The Schechter-Berger model of the active site of enzymes divided into subsites (1967) became a milestone in enzymology and a template for drug design. His studies on the antibody combining site (1967) revealed a region of four subsites of independent Interactions being just additive, i.e., ligand’s binding energy was the sum of binding energy attained in each subsite. Israel also studied the biological aspects of the immune response focusing on cellular localization of antigen in relation to antibody producing cells. Other studies focused on immunological tolerance, antigenic competition, the role of antigen conformation on immunogenicity as well as the development of skin grafts with decreased immunogenicity and increased resistance to infection for the treatment of burnt patients. He also studied the molecular biology of schistosome, the cause of bilharzia., in collaboration with Egyptian scientists. Back in 1973 a major attention was devoted to the evolution of antibody diversity with the primary goal of isolating an immunoglobulin (Ig) gene. He was the first one to isolate pure mRNA encoding for a single protein (which could be translated to the first gene). He developed a general procedure based on the specific immune precipitation of polysomes engaged in the synthesis of a given molecule – here the Ig. The mRNA which was translated into the Ig precursor containing a signal peptide of marked hydrophobicity while intracellular but cleaved upon secretion, later identified as a property of other proteins as well.

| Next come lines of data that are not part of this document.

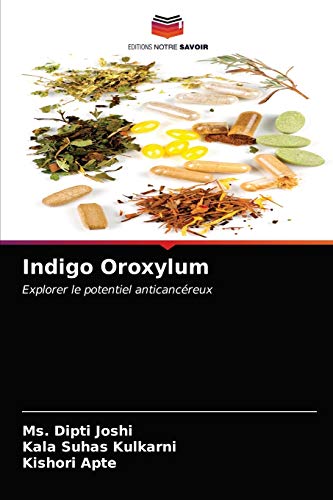 Stock image for Indigo Oroxylum: Explorer le potentiel anticancreux (French Edition) for sale by Lucky's Textbooks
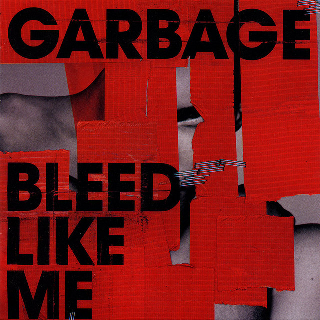 Garbage :: Bleed Like Me LP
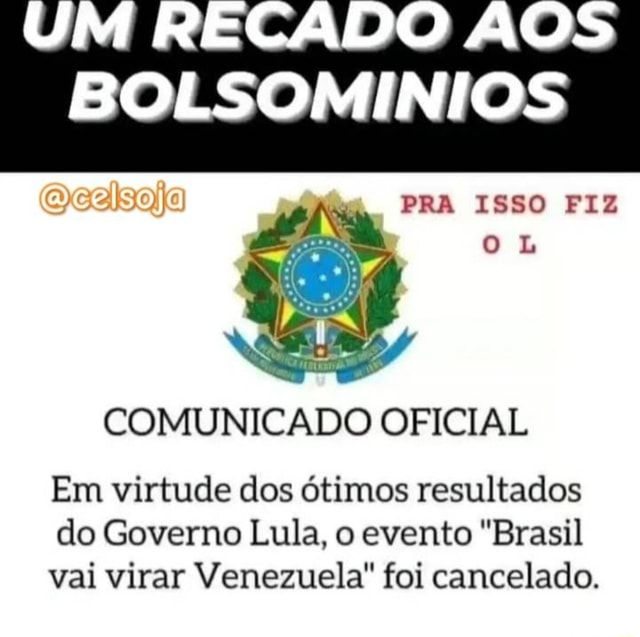 UM RECADO AOS BOLSOMINIOS Qcelsoja COMUNICADO OFICIAL Em virtude dos ótimos resultados do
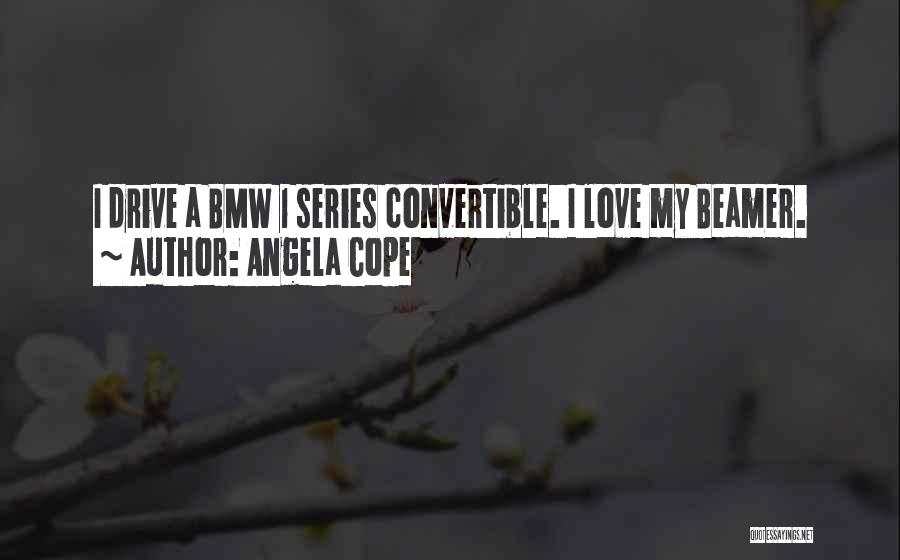 Angela Cope Quotes: I Drive A Bmw 1 Series Convertible. I Love My Beamer.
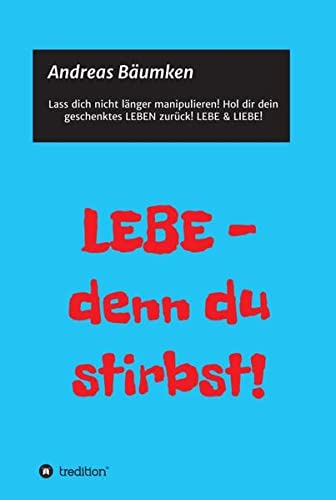 LEBE - denn du stirbst!: Wie du dir dein Leben zurückholst!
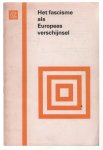 Dittrich, Z.R., Vereniging Geschiedenisleraren in Nederland (Den Haag). Commissie voor Postacademiale Vorming - Het fascisme als Europees verschijnsel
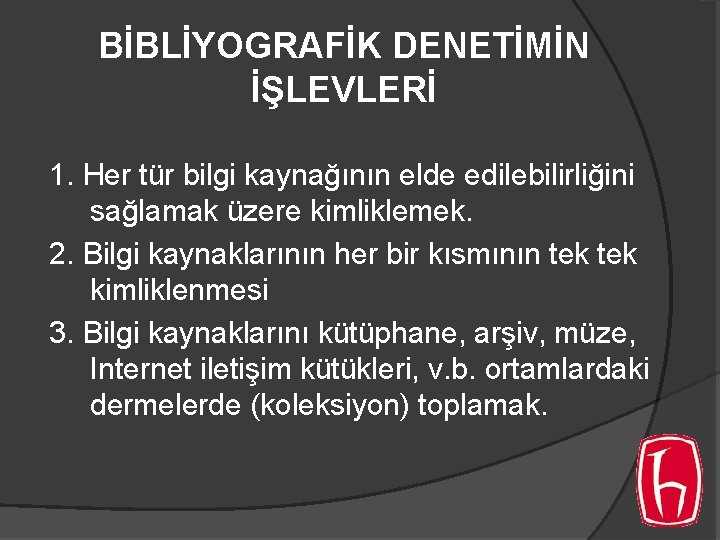 BİBLİYOGRAFİK DENETİMİN İŞLEVLERİ 1. Her tür bilgi kaynağının elde edilebilirliğini sağlamak üzere kimliklemek. 2. BİBLİYOGRAFİK DENETİMİN İŞLEVLERİ 1. Her tür bilgi kaynağının elde edilebilirliğini sağlamak üzere kimliklemek. 2.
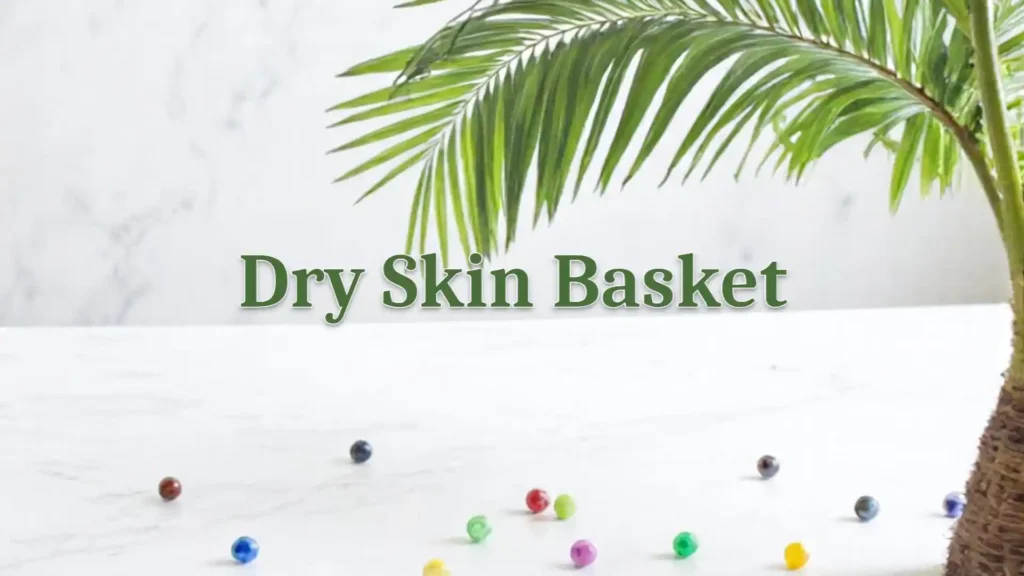 Dry skin basket Dry skin basket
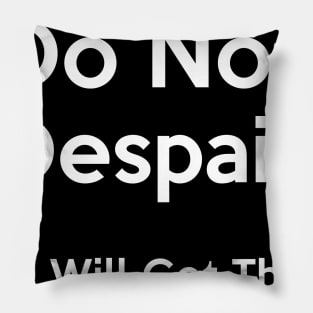 Do Not Despair Pillow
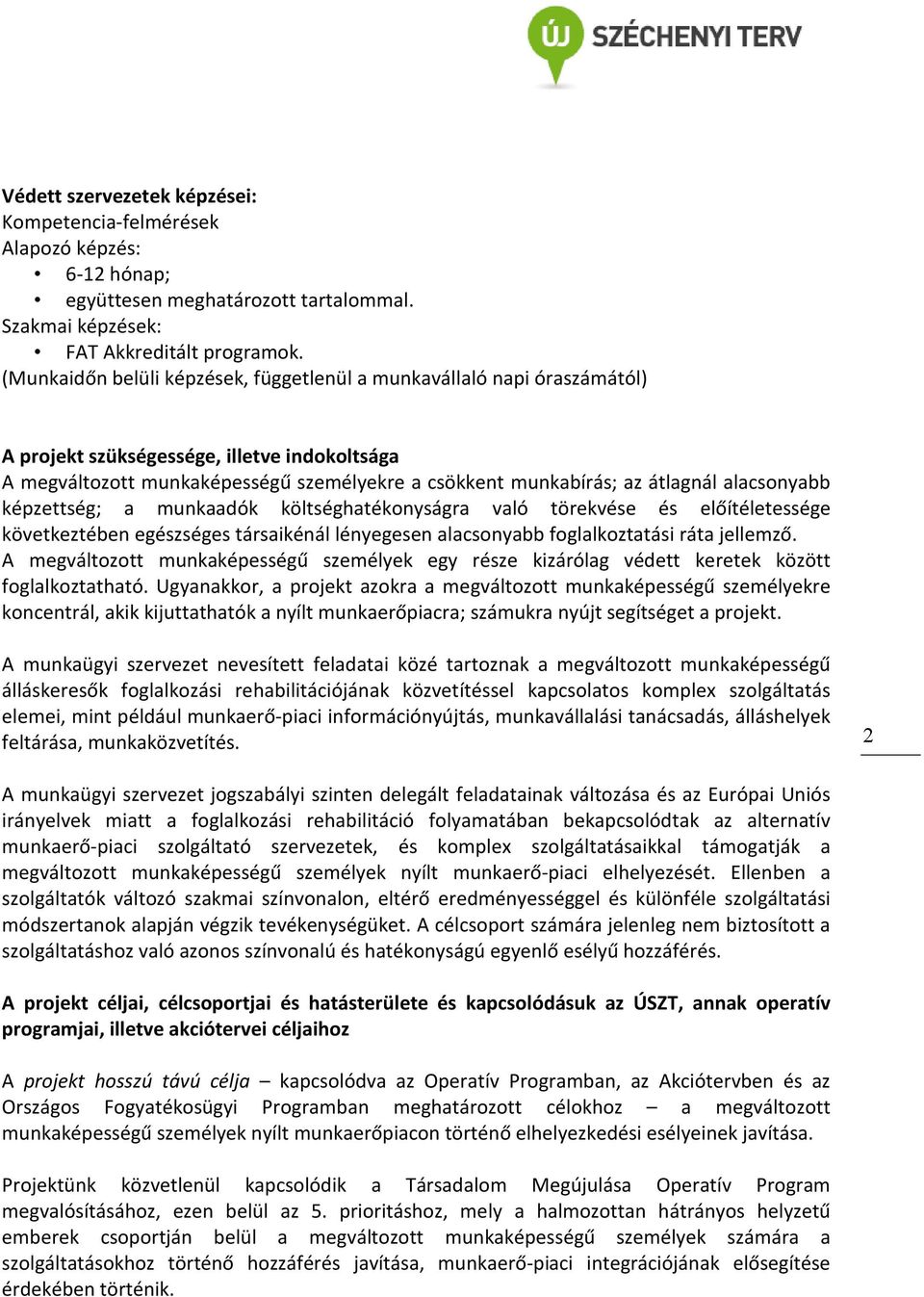 alacsonyabb képzettség; a munkaadók költséghatékonyságra való törekvése és előítéletessége következtében egészséges társaikénál lényegesen alacsonyabb foglalkoztatási ráta jellemző.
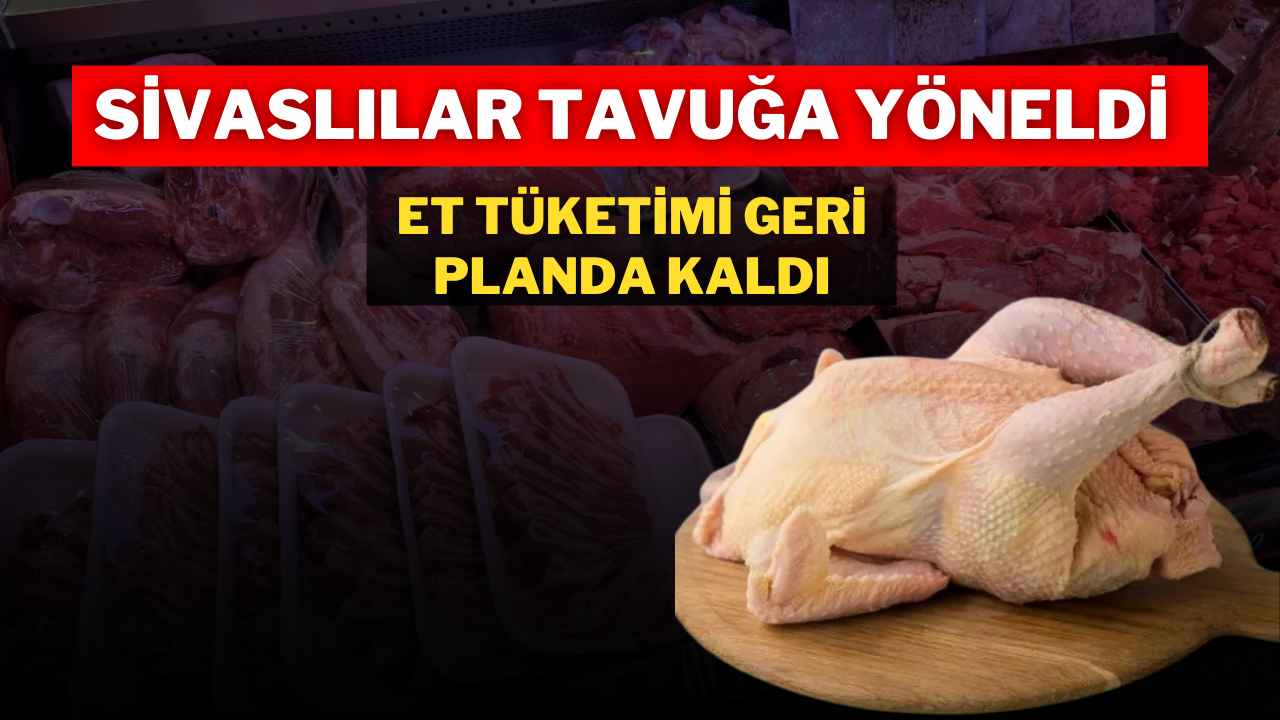 Sivaslılar Tavuğa Yöneldi,  Et Tüketimi Geri Planda Kaldı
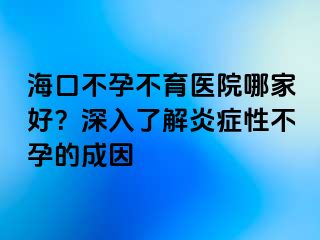 ?？诓辉胁挥t(yī)院哪家好？深入了解炎癥性不孕的成因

Prof. Nathan Trainin (1922-1999)Born in Argentina Nathan graduated Medical school of the University of Cordoba and made Aliya to Israel in 1949 with his wife Zila. They settled in Kibuz Maabarot where he served as a rural physician, riding on horse, visiting settlements of new immigrants. He then served in the IDF as a physician. After release from service in 1956, he joined the Department of Experimental Biology of the Weizmann Institute, headed by Prof. Isaac Berenblum.
He focused on cancer research, studying a possible two stage mechanism in experimental leukomogenesis, using radiation and chemicals such as Urethan. He then moved to study the function of thymic tissue in diffusion chambers implanted in neonatally thymectomized mice. This led him to discover a thymic humoral factor shown to prevent wasting and influencing lymphopoiesis in such mice. He then proceeded to characterize this factor focusing on its role in the development of cell-mediated immune competence. In collaboration with Prof. Yigal Burstein from the Department of Organic Chemistry, the Thymic Humoral Factor (THF) has been purified from calf thymus and sequenced as an octapeptide. Together with Prof. Rina Zaizov from the Dept. of Pediatric Oncology at the Beilinson hospital a beneficial effect of THF in immunosuppressed children with lymphoproliferative neoplasia and generalized varicella was observed. Furthermore, in collaboration with Prof. Shlomo Ben-Efraim from the Tel Aviv University medical school, it was discovered that THF repairs immunodeficiency of mice cured from plasmacytoma. With Dr. Marit Pecht it was found that THF potentiates myeloid colony formation in bone marrow of intact and neonatally thymectomized mice. He published more than 200 papers and reviews. This research has been interrupted by the untimely death of Nathan.
Besides his research conducted almost till his last days, Nathan contributed to the society, heading the Israel CancerAssociation and helping cancer patients with advice and empathy.